-- by Vikki Fowler, veterinary equine dentist
Why do horses need their teeth tending to? What about those in the wild? I get asked these questions all the time. Why do our domesticated horses get sharp points, overgrowths, decay? What would happen if they were in the wild?
The answer is multi-factorial -
Firstly, horses evolved to live on scrubland and moorland. They evolved to graze tiny amounts of tough, low calorie fibre constantly. Nibbling here and there while walking miles and miles. A good portion of that intake is from the ground, but also foraging in hedgerows and trees, stripping bark and eating whatever they could find. In domestication, humans provide long fibre hay, haylage or straw, along with lush green grass, grains and cereals. This is not natural. To slow the horses down and protect their guts and feet, we use haynets, feed troughs and grazing muzzles. Or we give large amounts of forage loose, pre cut, for the horse to wolf down very quickly then stand with nothing. It is impossible to recreate a wild environment with a wild diet available, unless you are lucky enough to have vast amounts of the perfect wild land.

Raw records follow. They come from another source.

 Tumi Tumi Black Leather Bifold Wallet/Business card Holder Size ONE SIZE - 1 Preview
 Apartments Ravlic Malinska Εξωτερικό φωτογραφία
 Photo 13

Unless this is the case, even horses with perfect teeth will not wear their teeth down correctly and will get sharp points.
Secondly, wild horses have a much shorter life span. It is unusual for a wild horse to make it past 16 years of age. Nature is cruel and harsh, any dental issues that prevent robust health will result in weight loss and death by predator or starvation. These issues will therefore not be passed on to offspring. Whereas in domestication, we expect our horses teeth to last well into their 20s and even their 30s+. We can achieve this with regular, appropriate dental care which ensures the teeth wear evenly and allows the horse to utilise every millimetre of their teeth. They do not have an endless supply of tooth. Whilst they start with 10-15cm of tooth height as youngsters, they can not grow more. They can only erupt what already exists, once it’s gone, it’s gone.

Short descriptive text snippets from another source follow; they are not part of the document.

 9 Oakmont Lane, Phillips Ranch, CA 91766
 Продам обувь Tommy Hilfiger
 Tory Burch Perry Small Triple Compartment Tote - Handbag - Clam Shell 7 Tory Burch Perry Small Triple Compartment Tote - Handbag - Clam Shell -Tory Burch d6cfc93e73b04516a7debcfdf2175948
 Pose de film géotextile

Thirdly, humans have massively interfered with the horses shape. Most modern horses look nothing like their wild predecessors. We have the dished faced Arabs, the shortened noses of the Welsh ponies and the tiny heads of the miniatures, the broad faces of the Welsh Cobs, the massive Roman noses of the heavy breeds, the long thin noses of thoroughbreds and every imaginable shape and size in between. This amount of manipulation away from the natural, results in malocclusions and malalignments of the dentition. We get teeth that are too small or too large for the horse’s mouths. Sometimes the teeth don’t fit into their correct placement and they erupt crookedly into the tongue or cheek. We manage and correct parrot mouths and sow mouths, then breed from them and allow these problems to continue in the offspring. How often do stallion stud adverts include “perfect teeth”? How many mare owners ask, or even consider the teeth in their breeding plan? When breeding for the “seahorse” or “Disney” head, do the breeders stop to wonder how the teeth are suppose to fit in the mouth? Dogs can survive on a wet food diet with no health complications. Horses can not, not long term. Horses need a constant supply of fibre to maintain their gut health and survive. Humans created these problems and have a responsibility to ensure these horses are not in pain. Whether you bred the problem or bought it.
Finally, and this is the lowest and least point, wild horses don’t wear bits or bridles. Bits pull the lips into the teeth, nosebands and bitless bridles pull the cheeks into the teeth. Even halters draw the cheeks between the teeth. If the teeth are sharp or hooks are present, this will result in pain, and as a result, bad behaviour. But remember, a horses teeth are for eating and every horse must eat, therefore every horse must have routine dentistry. It is not only a luxury for those that are ridden. Ridden horses may need dentistry more regularly but every horse, pony and donkey must have routine dentistry at least once every 12 months.
By the time the horse is struggling to eat, the problem is very advanced, at best it will be expensive to fix and at worse, it may not be fixable. Horses DO NOT show oral pain until the problem is very severe, this is part of being a prey animal. Showing weakness in the wild means certain death by predation.